Tag: Mark Moore

Missional Leader Readiness

In an effort to cultivate Missional Leaders, we have identified some key qualities and questions.

Qualities: Some of the qualities we are looking for are presupposed by the questionnaire below. However, here are a few, very practical questions to ask that will reveal missional leader readiness.

  • Can they articulate both the Gospel and your vision?
  • Are they embodying the gospel and mission in community?
  • Have you known them long enough to trust their character and skill?
  • Have you spent enough time with them to know whether or not they can say to their missional community, “Imitate me.”?
  • Are they imitating you?
  • Do they have an increased grocery bill from sharing meals with Christians and non-Christians (stole that from Mark Moore)?
  • Do they demonstrate a willingness to be inconvenienced by community and mission?

Questions: We created a questionaire that I adapted from Drew Goodmanson. Each prospective City Group leader filled it out and then met with me to go over it. It has been very helpful in screening, cultivating, and shepherding leaders.

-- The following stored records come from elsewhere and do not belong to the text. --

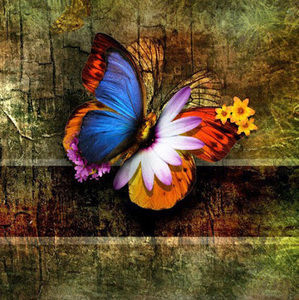 Meet your Posher, Faha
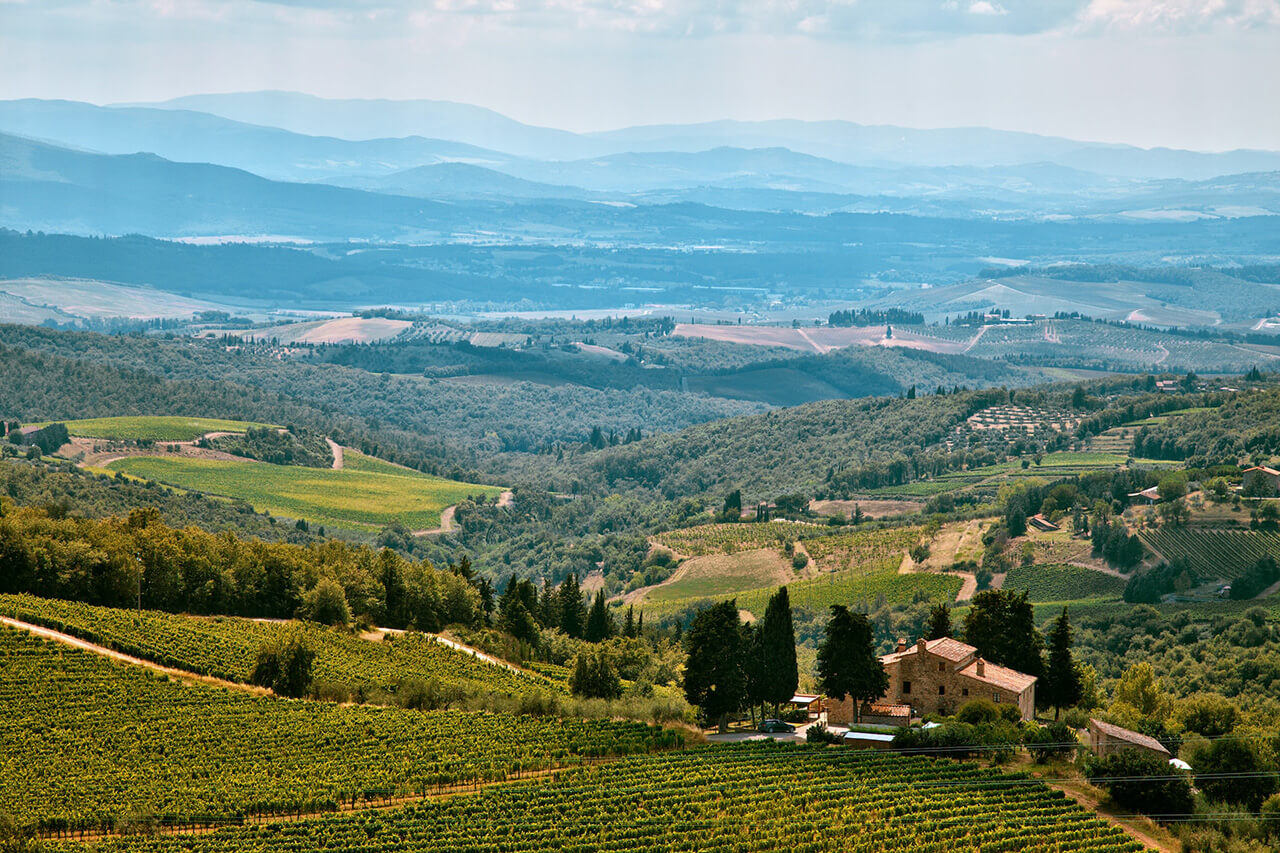 Aerial view of vineyards and stunning landscapes on Castellina in Chianti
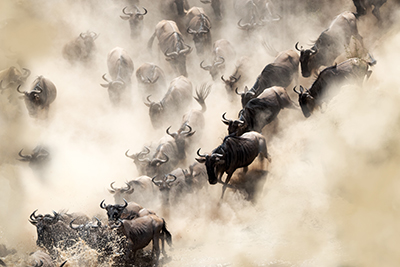 Den stora migrationen i Masai Mara, Kenya. Fotoresa med Wild Nature fotoresor.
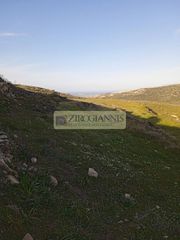 Οικόπεδο 4.012 τ.μ. για πώληση, Κυκλάδες, Πάρος-thumb-2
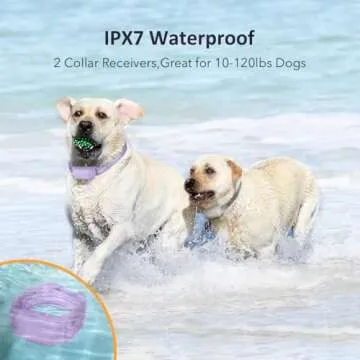 PATPET Shock Collar for Dogs 10-120lbs Waterproof 4000ft Rechargeable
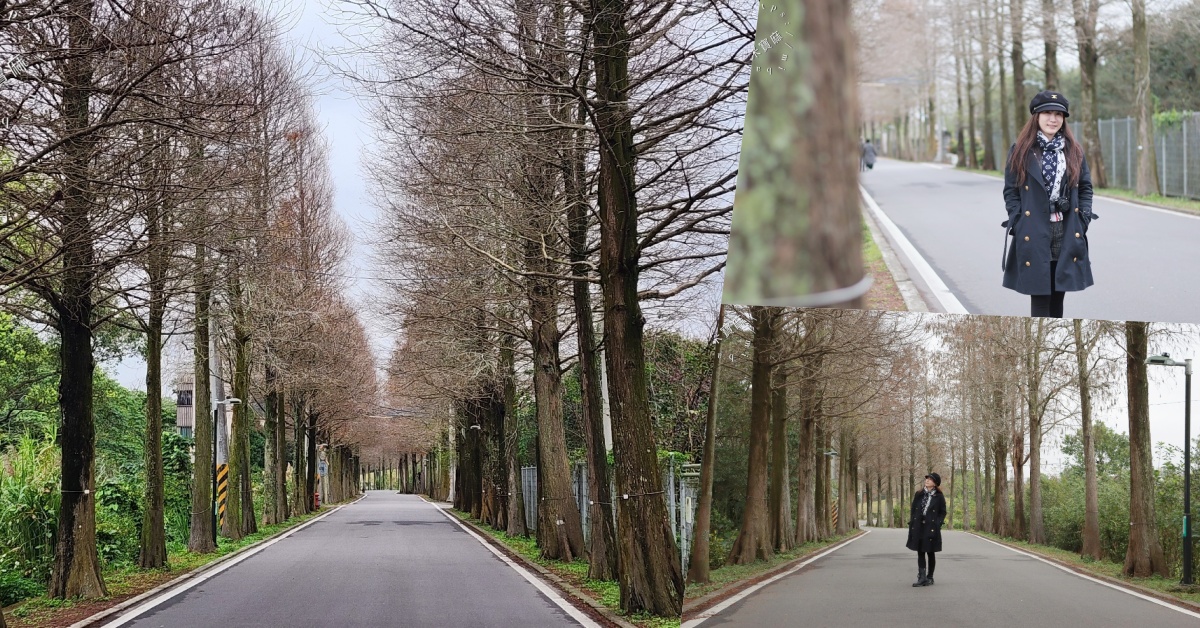 桃園落羽松大道|1公里300棵絕美秘境,美到直接改路名! 桃園落羽松大道|1公里300棵絕美秘境,美到直接改路名!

Rethinking Church: Membership, Missional Communities, and Pastoring

Tim Chester recently used a phrase that is becoming commonplace among our leaders to describe what we are trying to cultivate—steady state community. We are trying to cultivate communities that share life and truth throughout the week, not just on Sundays and City Group days. We are kidding ourselves if we really think that showing up to two meetings a week and engaging in a missional partnership once a month is really living in Christian community. So, we are trying to cultivate steady state community, which requires much more than preaching on it. We envision shared meals, leisure, mission throughout the week. How?

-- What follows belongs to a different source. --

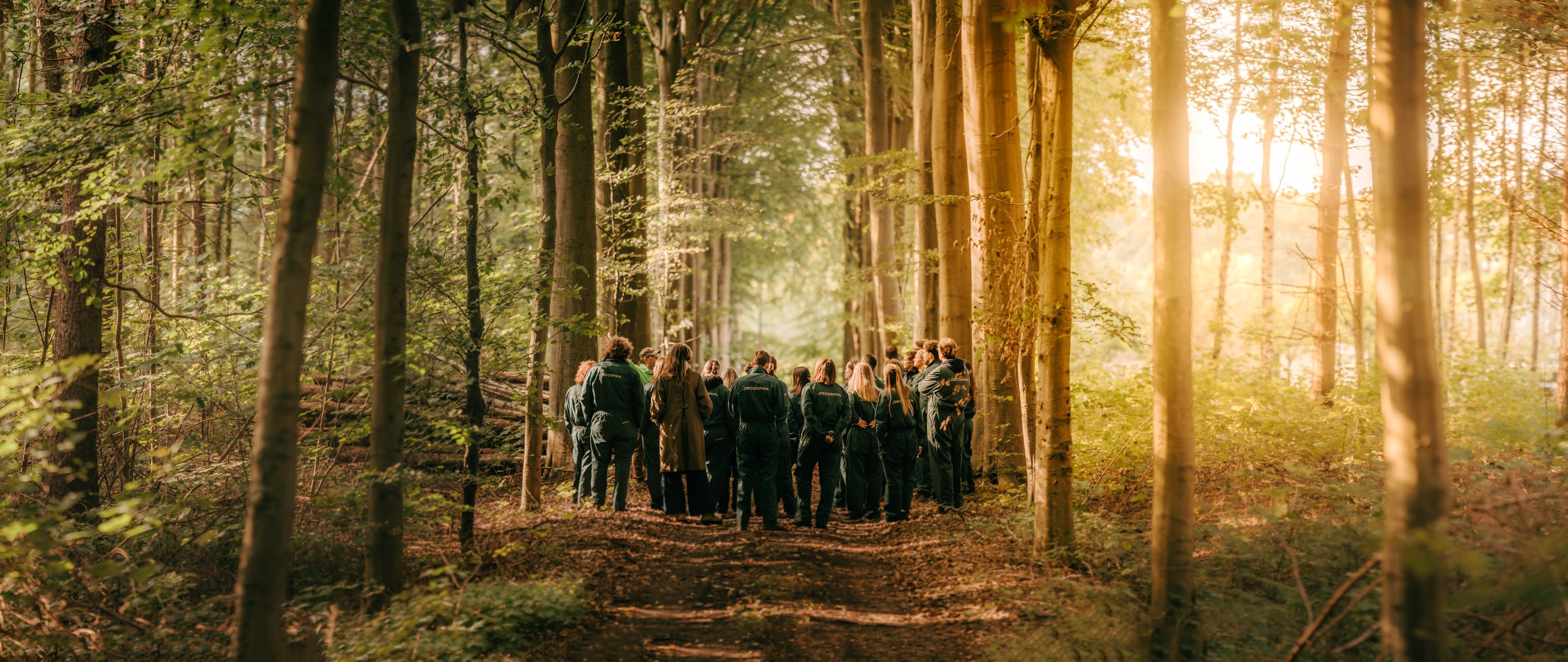 picture alternative text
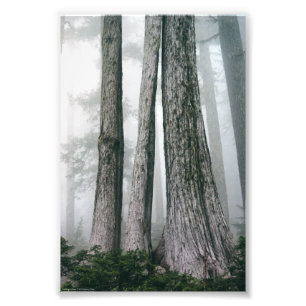Het bos aanhalen foto afdruk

In order to cultivate steady-state, gospel-centered missional community, just about everything in a church has to be reconfigured. Traditional paradigms and practices wont work; they are bent around a different ecclesiology. So, in order to think things through, I recently sat down with my friend Mark Moore at Total Church conference in San Diego and fired away with a list of questions. Here are a few of the insights (framed by the Q&A, not verbatim):

The Crowded House advocates a non-membership, community-centered, consensus decision making governance. You still have membership. Why and how do you develop members?

Man, we’ve got to take what Crowded House (CH) is doing and contextualize it. In America, well at least down South, especially in the Bible-belt, there is still a paradigm for church membership. It’s jacked up and needs to be tweaked, but people still come to church expecting some kind of membership, no matter how bad it is. So, we can work with that. What we (Providence Community) do is hold a six week class that goes through Gospel, Community, and end with a session on Church Planting. Then, what we tell them at the end of the class that your participation in this class doesn’t make you a member. What makes you a member is being in a missional communty.

How do you reinforce that the church is not a Sunday morning service?

One of the things we do is spotlight a missional community every week. For about five minutes someone comes up and shares something, typically about mission, from their missional community. That way, everyone coming to the service gets to hear what they are missing, to hear from the church about the church. [I asked, “Do you script this or go over it with them beforehand?”] No, and, man, sometimes people say something that doesn’t really make sense, but that is just an opportunity for us to be a real community, and if it’s really bad I can transition making some editorial comments.

How do you view yourself, as a pastor/elder, in steady state community?

My role is a shepherd, my identity is a sheep. So I try to relate to them as a fellow sheep not just as some inaccessible professional pastor. I also make sure that when I meet a dude or someone on Sunday morning that I get them connected to their missional community leader that morning, if possible. They need to know that the pastor of their missional community is the best person for them to relate to.

Austin City Life has incorporated all of this at various levels of participation and church life. Mark’s comments spurred me to spotlight our City Groups every week and not just on occassion. Our leadership has soaked up the steady state community idea, and we are working on implementing it. What a privilege!